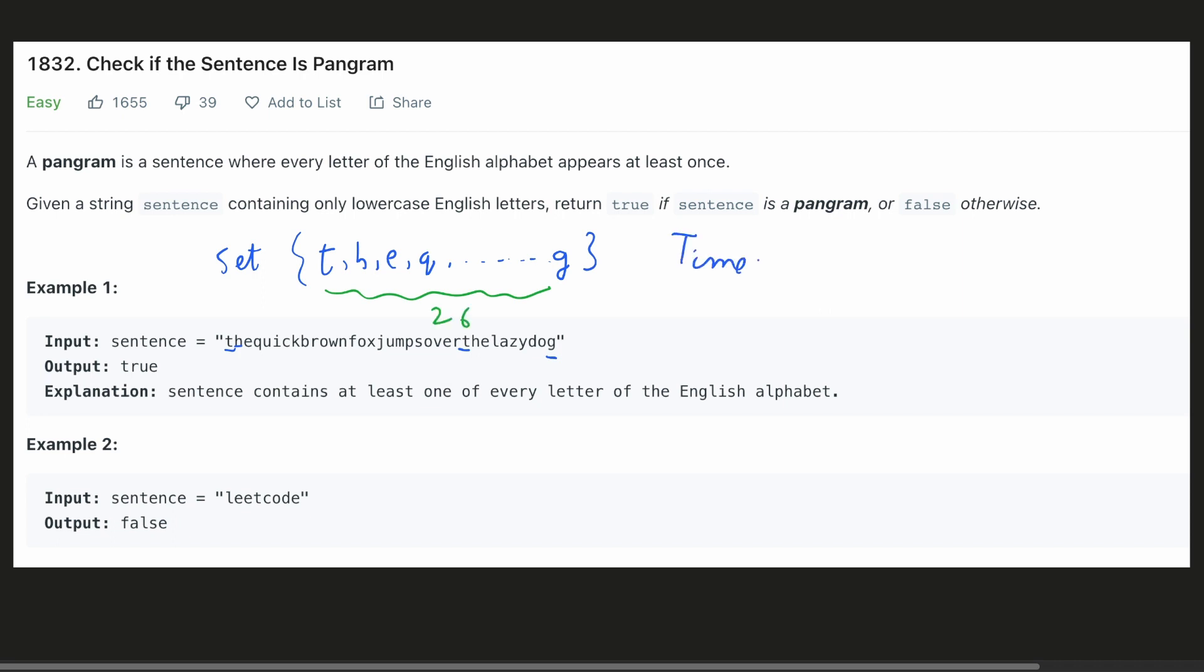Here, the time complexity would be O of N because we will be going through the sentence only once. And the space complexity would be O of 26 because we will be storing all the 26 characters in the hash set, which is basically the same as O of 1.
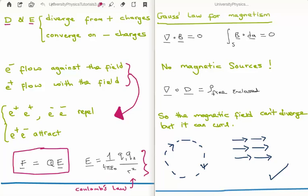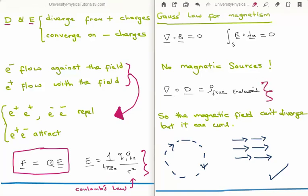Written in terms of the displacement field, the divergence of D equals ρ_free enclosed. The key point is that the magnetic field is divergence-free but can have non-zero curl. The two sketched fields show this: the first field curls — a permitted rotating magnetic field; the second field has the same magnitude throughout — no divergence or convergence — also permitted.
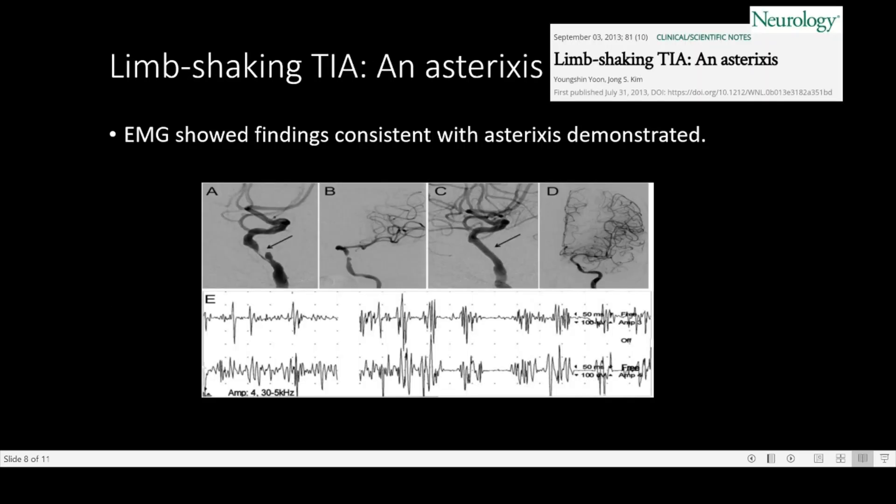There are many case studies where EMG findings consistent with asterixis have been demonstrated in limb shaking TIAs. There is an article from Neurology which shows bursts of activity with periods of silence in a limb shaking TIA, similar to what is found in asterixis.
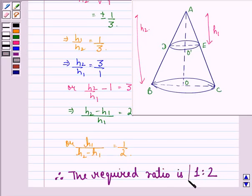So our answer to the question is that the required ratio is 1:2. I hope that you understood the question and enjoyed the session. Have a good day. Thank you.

--------------------

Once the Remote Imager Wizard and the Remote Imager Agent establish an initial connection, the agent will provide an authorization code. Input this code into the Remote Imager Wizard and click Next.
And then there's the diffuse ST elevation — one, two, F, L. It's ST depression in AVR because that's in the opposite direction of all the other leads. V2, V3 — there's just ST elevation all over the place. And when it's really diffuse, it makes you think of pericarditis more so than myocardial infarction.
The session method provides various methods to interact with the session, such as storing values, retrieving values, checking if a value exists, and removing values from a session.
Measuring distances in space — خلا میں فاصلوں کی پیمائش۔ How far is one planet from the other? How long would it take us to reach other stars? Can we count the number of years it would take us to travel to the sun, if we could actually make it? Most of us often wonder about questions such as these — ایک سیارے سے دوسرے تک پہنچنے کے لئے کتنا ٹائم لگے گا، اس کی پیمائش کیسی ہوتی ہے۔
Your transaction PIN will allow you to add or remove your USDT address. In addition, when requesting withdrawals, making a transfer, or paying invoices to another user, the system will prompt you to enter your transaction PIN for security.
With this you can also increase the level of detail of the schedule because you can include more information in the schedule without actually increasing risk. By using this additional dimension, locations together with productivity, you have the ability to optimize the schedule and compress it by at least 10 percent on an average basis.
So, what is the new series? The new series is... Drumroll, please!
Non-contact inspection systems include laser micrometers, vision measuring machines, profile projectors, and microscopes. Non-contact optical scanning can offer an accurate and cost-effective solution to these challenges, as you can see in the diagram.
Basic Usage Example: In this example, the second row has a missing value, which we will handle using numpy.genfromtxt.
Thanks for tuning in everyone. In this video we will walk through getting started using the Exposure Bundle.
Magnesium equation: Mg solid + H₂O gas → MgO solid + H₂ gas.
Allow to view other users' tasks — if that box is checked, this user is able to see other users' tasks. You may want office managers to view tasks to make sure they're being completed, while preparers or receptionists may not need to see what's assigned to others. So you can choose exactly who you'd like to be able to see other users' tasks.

--------------------

→ Task requirements: Line count for "value": give the number of lines in the data above that include it, and nothing else.

→ Solution: 2